***** Entries provided *****

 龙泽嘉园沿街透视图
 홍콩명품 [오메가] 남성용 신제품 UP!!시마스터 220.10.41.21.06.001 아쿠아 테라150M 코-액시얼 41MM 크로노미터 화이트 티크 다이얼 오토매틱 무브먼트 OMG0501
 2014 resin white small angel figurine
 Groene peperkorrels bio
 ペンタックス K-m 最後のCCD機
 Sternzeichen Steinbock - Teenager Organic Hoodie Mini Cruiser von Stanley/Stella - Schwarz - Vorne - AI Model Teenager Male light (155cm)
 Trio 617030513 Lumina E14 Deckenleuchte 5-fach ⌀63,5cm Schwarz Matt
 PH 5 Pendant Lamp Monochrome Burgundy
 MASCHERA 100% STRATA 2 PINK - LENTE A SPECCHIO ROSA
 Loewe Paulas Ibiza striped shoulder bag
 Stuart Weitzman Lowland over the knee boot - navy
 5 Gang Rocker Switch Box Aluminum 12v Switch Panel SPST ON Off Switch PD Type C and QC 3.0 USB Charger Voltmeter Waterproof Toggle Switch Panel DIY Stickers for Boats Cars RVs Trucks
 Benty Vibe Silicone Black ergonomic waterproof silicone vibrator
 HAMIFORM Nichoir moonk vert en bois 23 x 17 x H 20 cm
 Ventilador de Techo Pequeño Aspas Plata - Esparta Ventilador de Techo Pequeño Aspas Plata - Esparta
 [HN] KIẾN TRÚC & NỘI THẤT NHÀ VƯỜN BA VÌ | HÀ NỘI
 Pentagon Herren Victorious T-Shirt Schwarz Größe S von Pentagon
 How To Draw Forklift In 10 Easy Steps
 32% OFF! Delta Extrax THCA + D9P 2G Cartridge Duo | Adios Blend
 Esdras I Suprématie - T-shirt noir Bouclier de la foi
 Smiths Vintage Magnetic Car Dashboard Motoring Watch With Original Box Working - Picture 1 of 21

*****

◆ What needs to be done:
Write out exactly the lines that fall from the line with "Groene peperkorrels bio" to the line with "Stuart Weitzman Lowland" in the records above, keeping both ends.

◆ Reply to the task:
 Groene peperkorrels bio
 ペンタックス K-m 最後のCCD機
 Sternzeichen Steinbock - Teenager Organic Hoodie Mini Cruiser von Stanley/Stella - Schwarz - Vorne - AI Model Teenager Male light (155cm)
 Trio 617030513 Lumina E14 Deckenleuchte 5-fach ⌀63,5cm Schwarz Matt
 PH 5 Pendant Lamp Monochrome Burgundy
 MASCHERA 100% STRATA 2 PINK - LENTE A SPECCHIO ROSA
 Loewe Paulas Ibiza striped shoulder bag
 Stuart Weitzman Lowland over the knee boot - navy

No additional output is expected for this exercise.